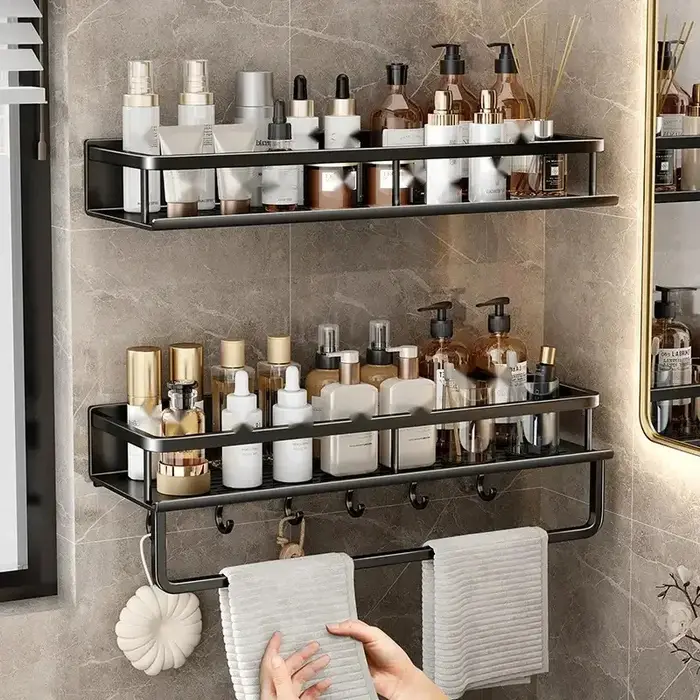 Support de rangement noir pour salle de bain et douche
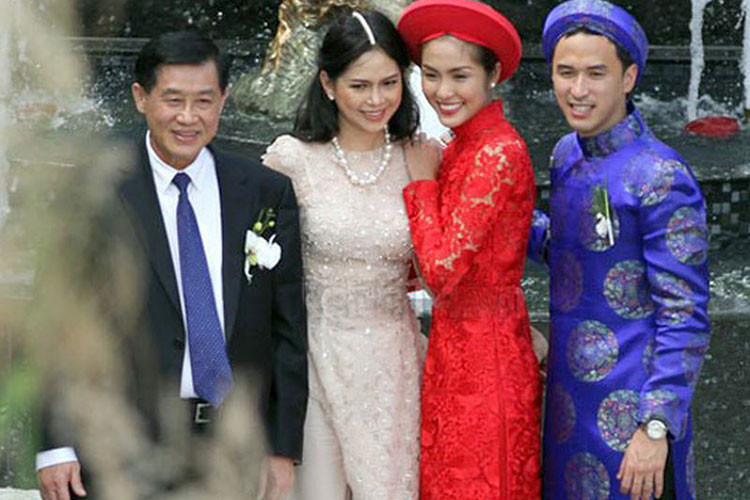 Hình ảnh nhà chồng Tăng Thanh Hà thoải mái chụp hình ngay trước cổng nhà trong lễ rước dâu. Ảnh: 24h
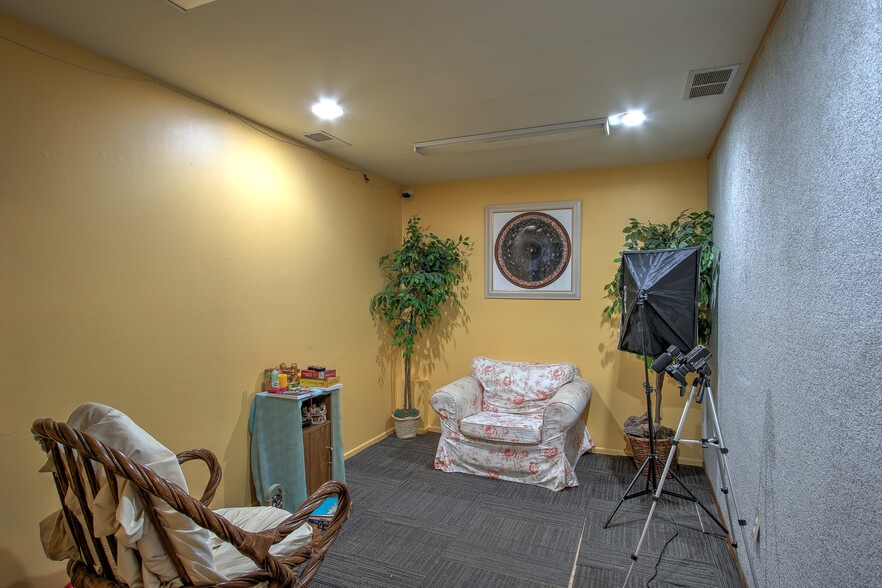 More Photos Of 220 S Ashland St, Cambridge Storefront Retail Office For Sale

» **Required action**
What you return must match the data above exactly, with no images included.

» **Response area**
 Support de rangement noir pour salle de bain et douche
 Hình ảnh nhà chồng Tăng Thanh Hà thoải mái chụp hình ngay trước cổng nhà trong lễ rước dâu. Ảnh: 24h
 More Photos Of 220 S Ashland St, Cambridge Storefront Retail Office For Sale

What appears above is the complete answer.